WORK TASK → Below are the records. Retype, exactly, the lines from the first through the line with "The owner’s en-suite", and leave out the pictures.

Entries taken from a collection
—————
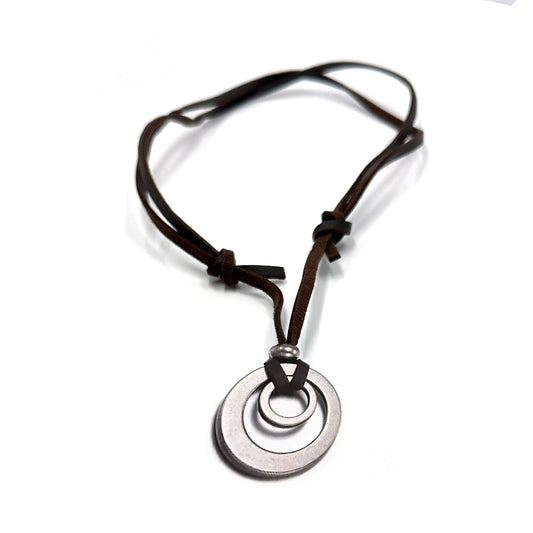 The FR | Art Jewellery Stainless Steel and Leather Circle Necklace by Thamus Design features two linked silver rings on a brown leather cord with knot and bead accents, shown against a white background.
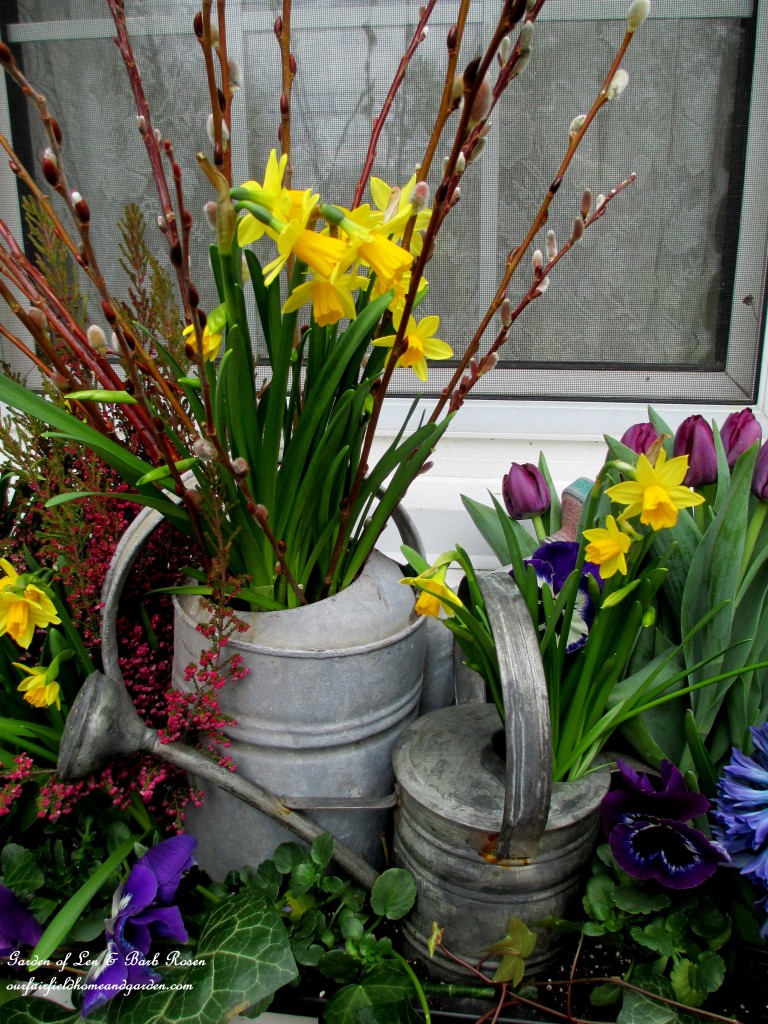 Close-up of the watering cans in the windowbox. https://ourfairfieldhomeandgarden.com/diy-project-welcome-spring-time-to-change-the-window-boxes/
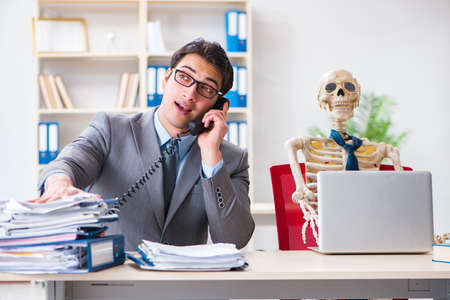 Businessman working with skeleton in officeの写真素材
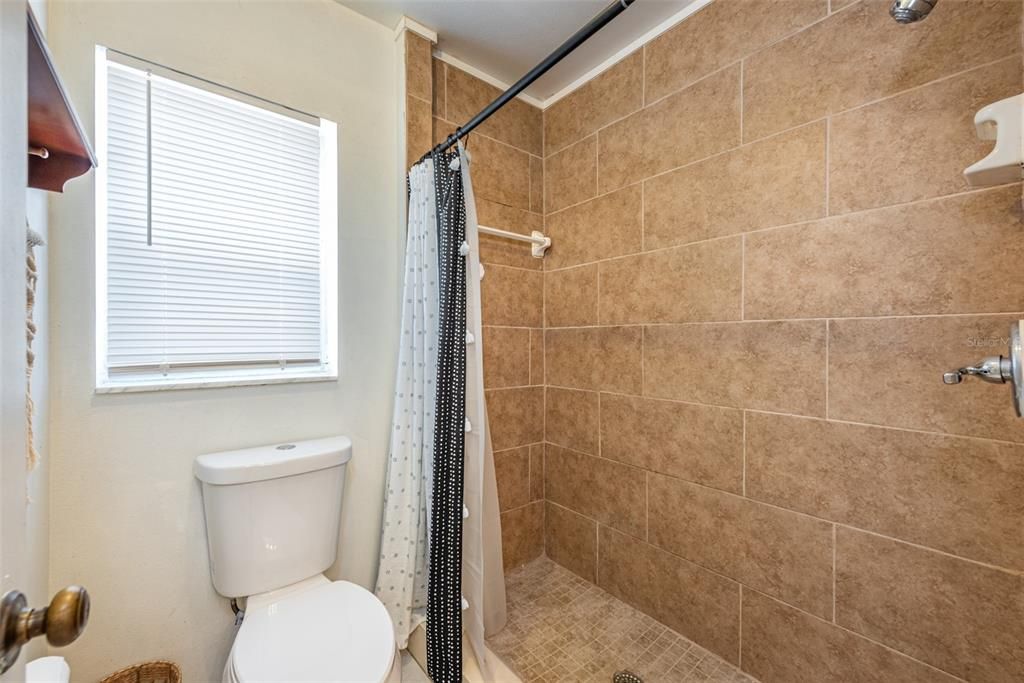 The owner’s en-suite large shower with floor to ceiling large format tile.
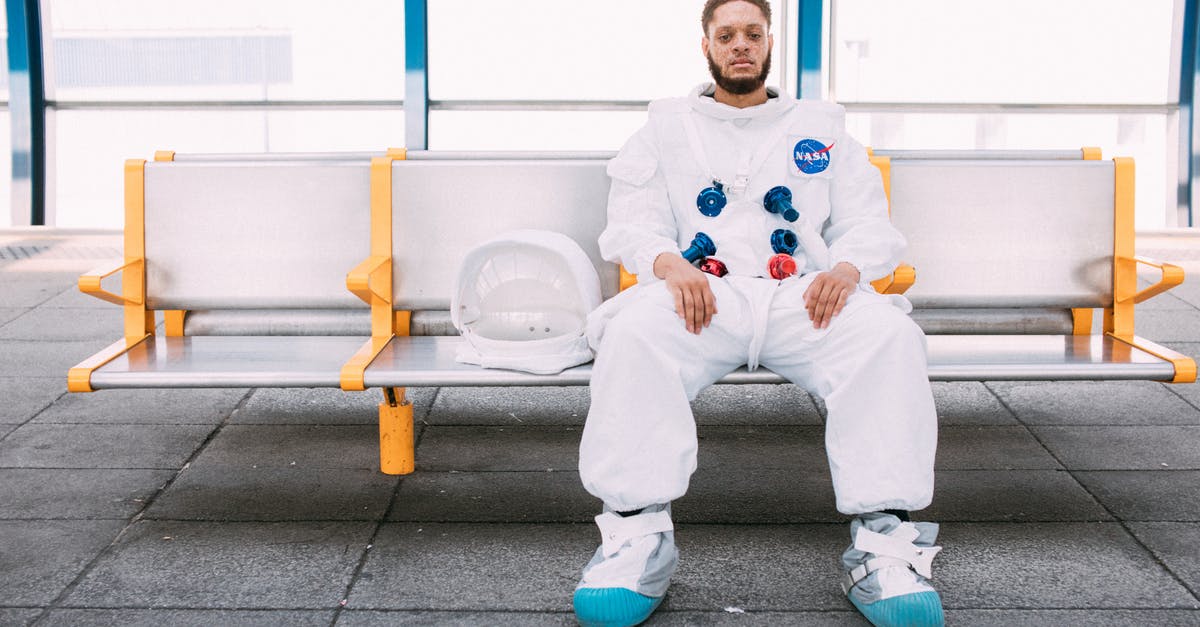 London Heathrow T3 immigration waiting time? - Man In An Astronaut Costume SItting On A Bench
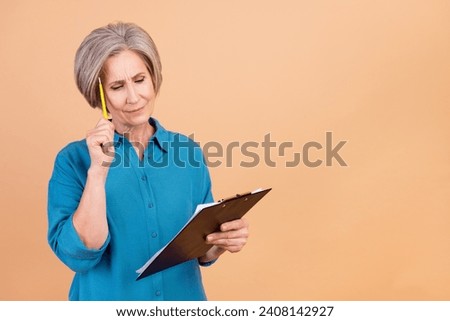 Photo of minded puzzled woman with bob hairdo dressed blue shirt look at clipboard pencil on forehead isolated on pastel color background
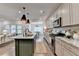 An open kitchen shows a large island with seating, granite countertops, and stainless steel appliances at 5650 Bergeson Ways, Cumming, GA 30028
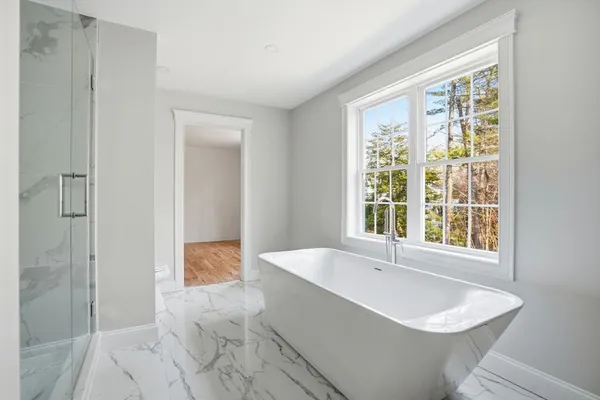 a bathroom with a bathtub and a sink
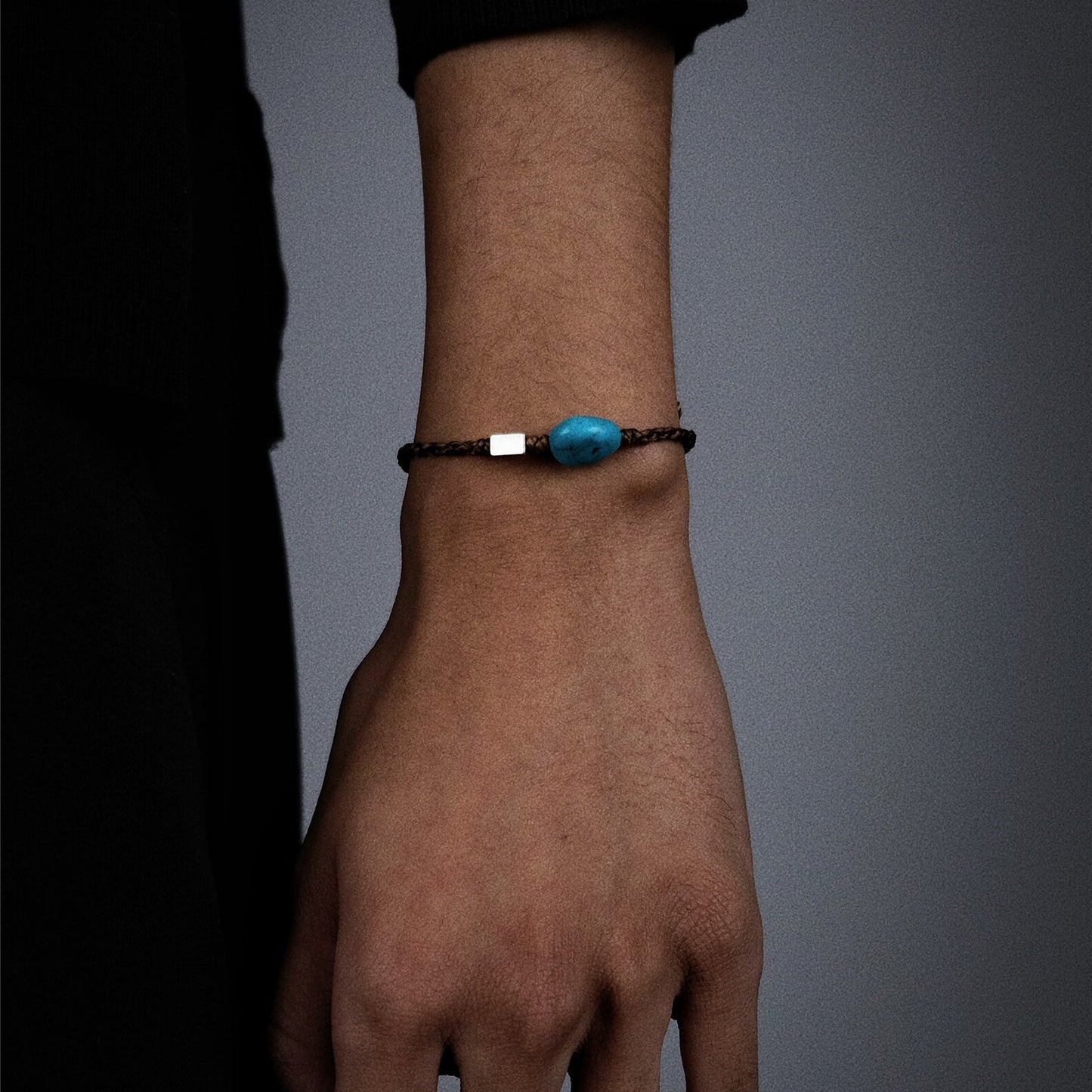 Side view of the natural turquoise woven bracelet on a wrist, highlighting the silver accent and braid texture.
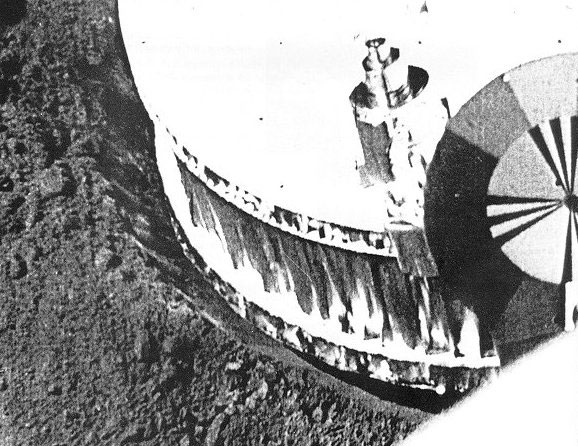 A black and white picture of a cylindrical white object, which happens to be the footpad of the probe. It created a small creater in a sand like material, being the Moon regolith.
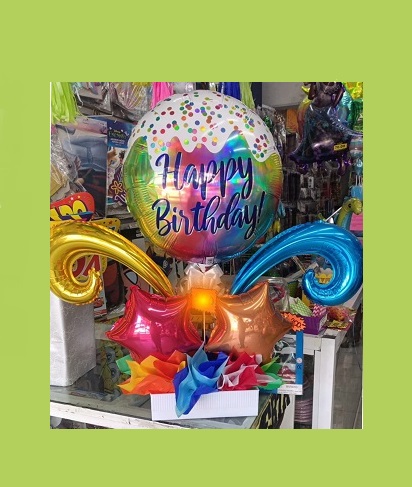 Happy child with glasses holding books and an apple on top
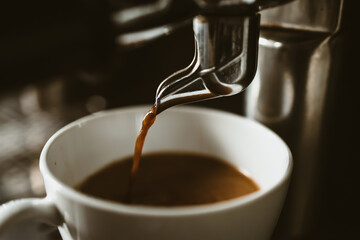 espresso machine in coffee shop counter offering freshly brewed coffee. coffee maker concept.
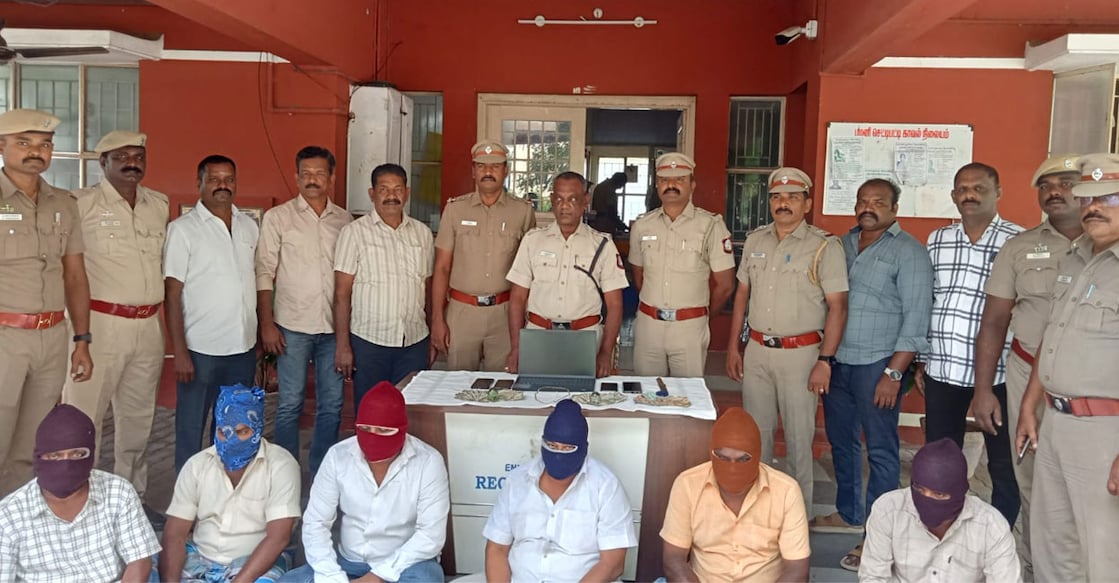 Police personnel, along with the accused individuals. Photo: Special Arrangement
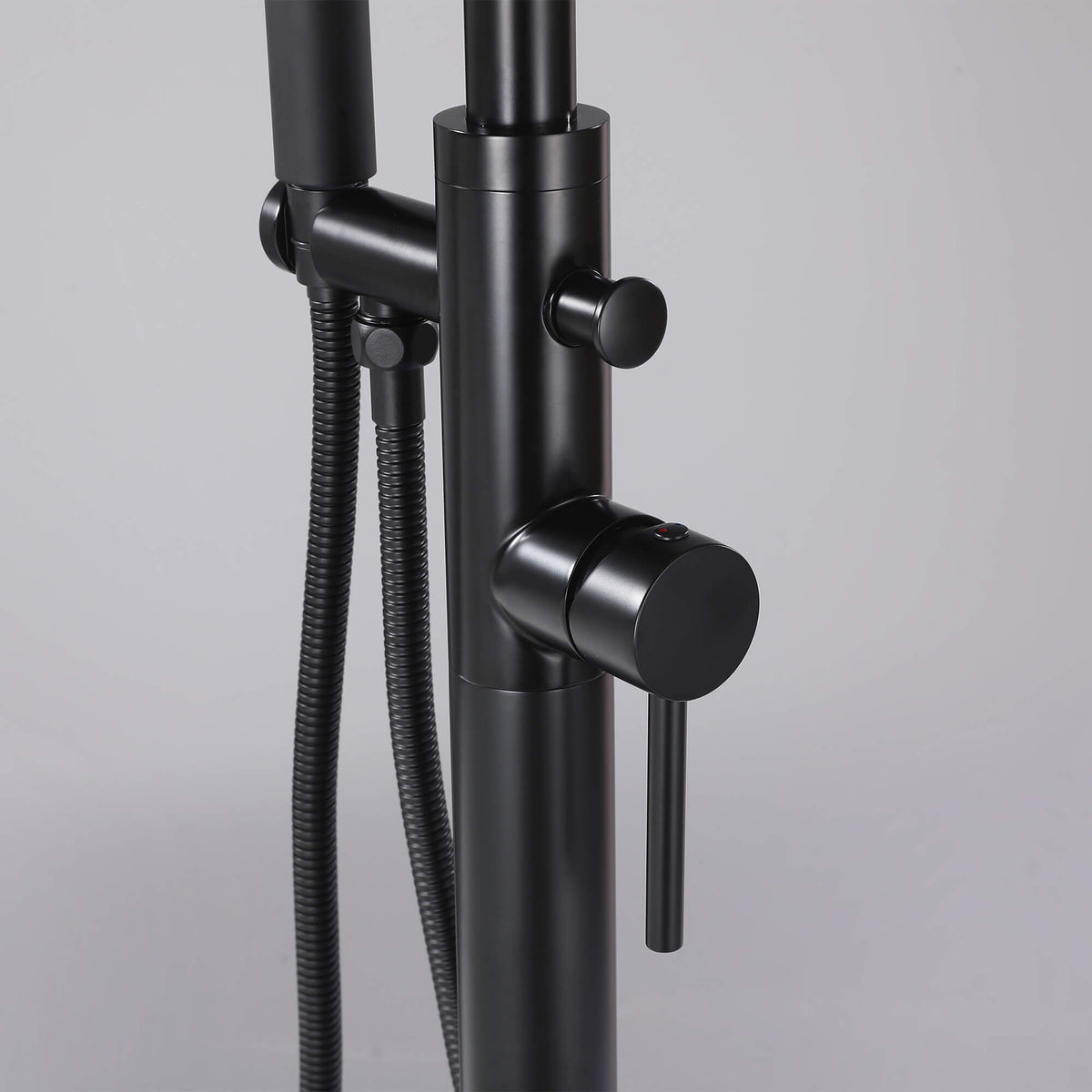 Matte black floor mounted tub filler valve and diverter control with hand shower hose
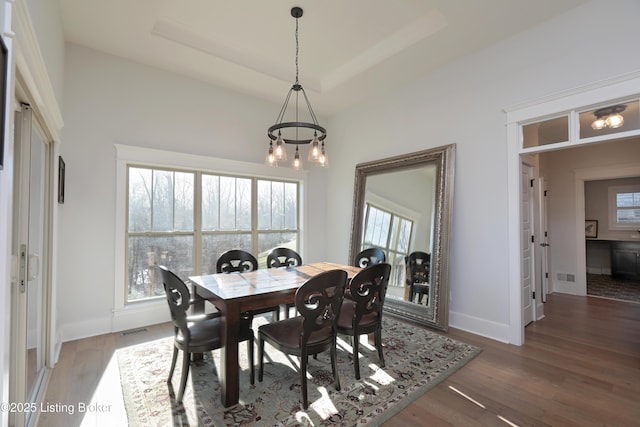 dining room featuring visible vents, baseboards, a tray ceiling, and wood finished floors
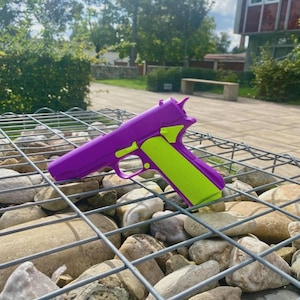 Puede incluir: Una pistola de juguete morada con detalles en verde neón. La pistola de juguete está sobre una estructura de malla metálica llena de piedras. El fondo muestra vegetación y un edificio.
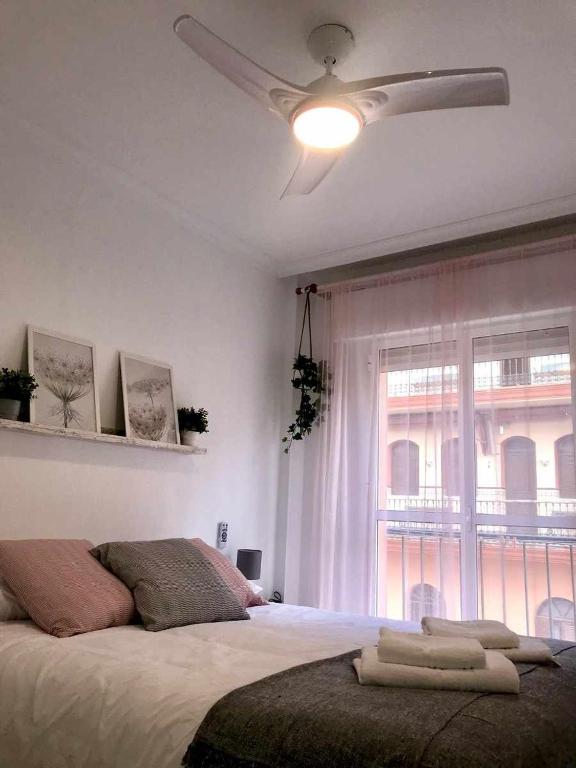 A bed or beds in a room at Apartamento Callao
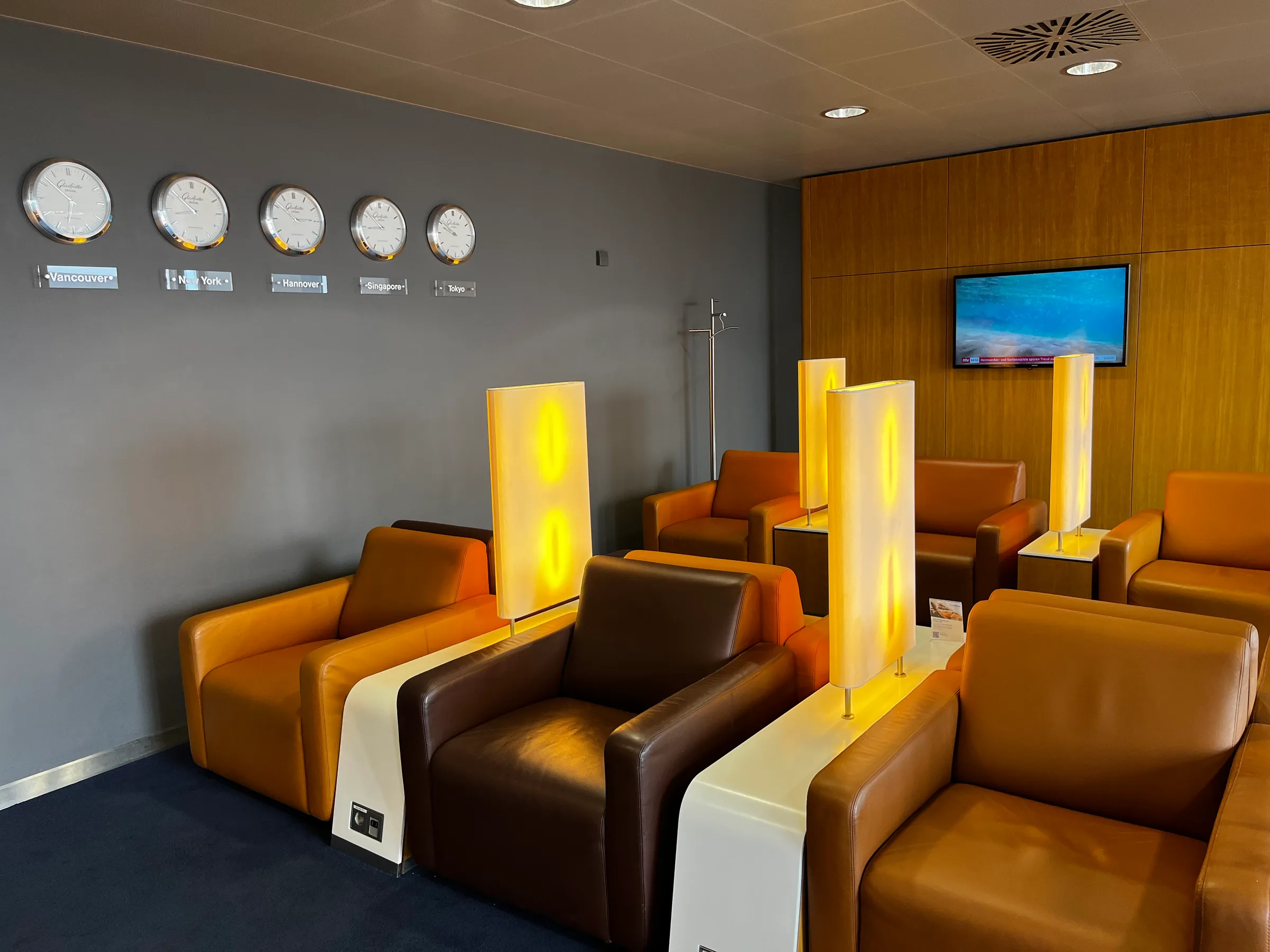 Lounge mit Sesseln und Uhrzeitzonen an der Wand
—————
RESPONSE TO THIS TASK →
 The FR | Art Jewellery Stainless Steel and Leather Circle Necklace by Thamus Design features two linked silver rings on a brown leather cord with knot and bead accents, shown against a white background.
 Close-up of the watering cans in the windowbox. https://ourfairfieldhomeandgarden.com/diy-project-welcome-spring-time-to-change-the-window-boxes/
 Businessman working with skeleton in officeの写真素材
 The owner’s en-suite large shower with floor to ceiling large format tile.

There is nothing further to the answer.